AI Chip Startup Graphcore Gets $30 Million From Samsung, Others

The UK company wants to take on leaders Intel and Nvidia in developing processors for machine learning and artificial intelligence applications.


A startup that is designing a processor aimed specifically at machine learning and artificial intelligence applications is getting a $30 million boost from a range of investors, including Samsung.

Graphcore, which has been working for the past two years in Bristol, England, laying the groundwork for its upcoming intelligent processing unit (IPU), came out of stealth mode Oct. 31 and announced the $30 million in Series A funding, which included not only investments from the Samsung Catalyst Fund but other venture capital firms like Robert Bosch Venture Capital, Amadeus Capital Partners and C4 Ventures.

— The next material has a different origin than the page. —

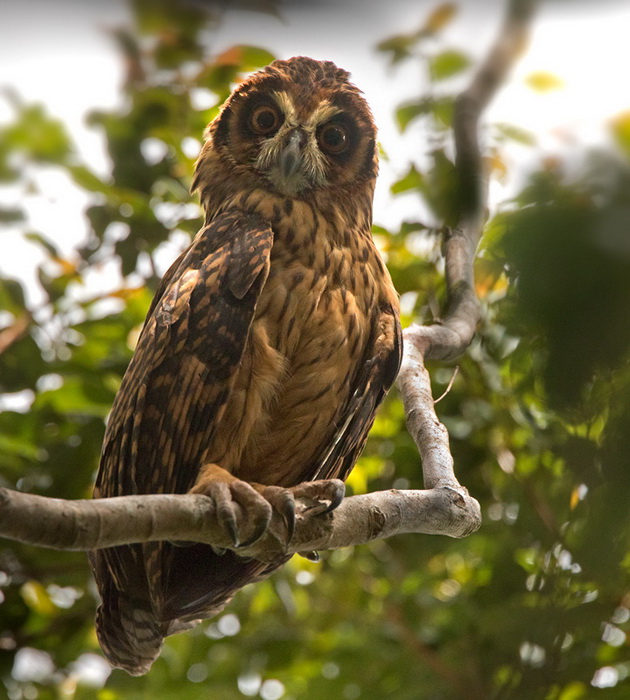 Fearful Owl Nesasio solomonensis
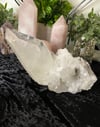 Large Lemurian Cluster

Company officials said the goal is to create processors that will speed up machine learning by 10 to 100 times over systems running on current processors from the likes of Intel and graphics engines from Nvidia and others. At the same time, Graphcore officials want to make artificial intelligence (AI) more accessible to a wide range of businesses, developers and devices.

"Graphcore's mission is to make machine learning faster, easier and more intelligent," Graphcore co-founder and CEO Nigel Toon wrote in a post on the company blog. "Our technology will reduce the cost of accelerating AI applications in the cloud; the same technology will bring AI to low power consumer devices. It will enable recent deep learning applications to evolve more rapidly towards useful, general artificial intelligence. While innovation at the algorithmic level in machine learning has been unprecedented, the same cannot be said about processors."

GPUs are getting a lot of attention in the deep learning space because they are the only parallel-processing chips on the market, Toon wrote. Microsoft is investigating field-programmable gate arrays (FPGAs)—chips that can be reprogrammed—but they are expensive and difficult to program, the CEO said.

"These are stopgaps not long term solutions," Toon wrote. "Machine intelligence has a very different compute workload from anything that has come before and needs a new approach."

Graphcore engineers are looking to build highly parallel processors that come with software tools and libraries that are faster, more flexible and easier to use than current offerings, he wrote. Graphcore officials expect to bring the first IPUs to market in 2017, powering what they are calling the IPU-Appliance that is designed to speed up AI applications in the cloud and in enterprise data centers while driving down the overall cost. The system will accelerate the training and inference tasks in machine learning operations by as much as 100 times, they said.

The company is targeting such jobs as natural language capabilities, self-driving vehicles, personalized health care, intelligent mobile devices and robotics.

AI refers to systems that can collect input (such as voice commands or images from the environments around them), process the data instantly and then react accordingly. It can be seen in such technologies as Siri on Apple iPhones and movie recommendation programs on Netflix, and will play an increasingly important role in other spaces, such as autonomous cars. Marc Hamilton, vice president of solutions architecture and engineering at Nvidia, told eWEEK in September that "AI is everywhere. We believe it's the most important computing technology in the industry right now."